■ Given entries:
+-------+

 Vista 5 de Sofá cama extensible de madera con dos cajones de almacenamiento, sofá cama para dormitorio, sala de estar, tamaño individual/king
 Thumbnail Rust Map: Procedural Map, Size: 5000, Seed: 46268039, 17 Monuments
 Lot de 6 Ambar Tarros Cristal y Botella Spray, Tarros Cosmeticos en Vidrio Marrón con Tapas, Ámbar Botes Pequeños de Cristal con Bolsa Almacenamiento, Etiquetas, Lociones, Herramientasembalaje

+-------+

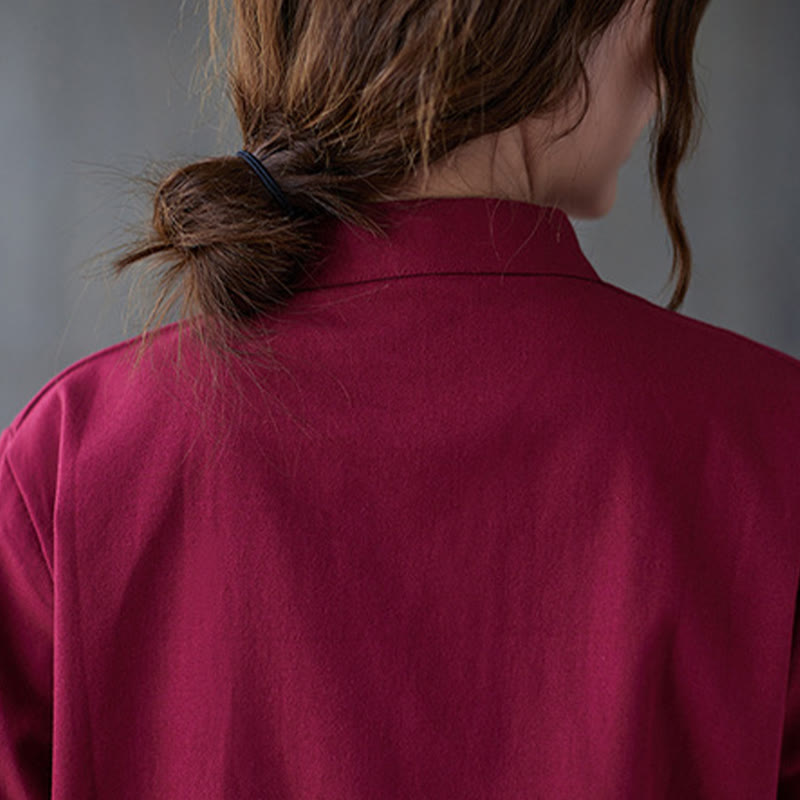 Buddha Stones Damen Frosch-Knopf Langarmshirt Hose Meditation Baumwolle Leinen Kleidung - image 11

+-------+

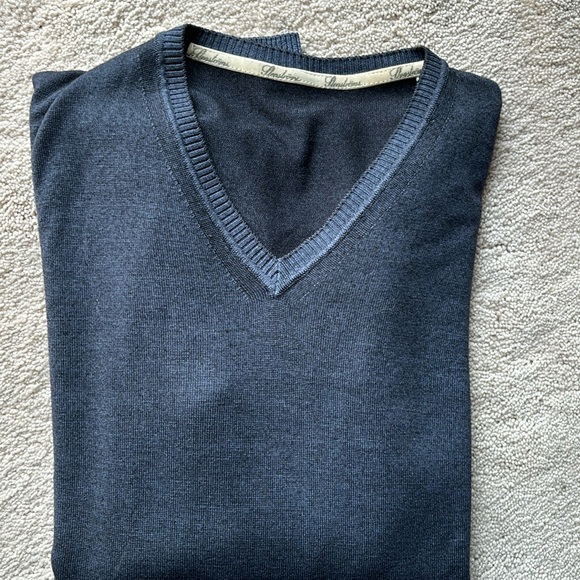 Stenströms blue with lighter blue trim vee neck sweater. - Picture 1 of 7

+-------+

■ Directions for this task:
Transcribe each line of the data above, unaltered, from the one where "Thumbnail Rust Map: Procedural" appears to the one where "Lot de 6 Ambar" appears, inclusive of both.

■ Answer space:
 Thumbnail Rust Map: Procedural Map, Size: 5000, Seed: 46268039, 17 Monuments
 Lot de 6 Ambar Tarros Cristal y Botella Spray, Tarros Cosmeticos en Vidrio Marrón con Tapas, Ámbar Botes Pequeños de Cristal con Bolsa Almacenamiento, Etiquetas, Lociones, Herramientasembalaje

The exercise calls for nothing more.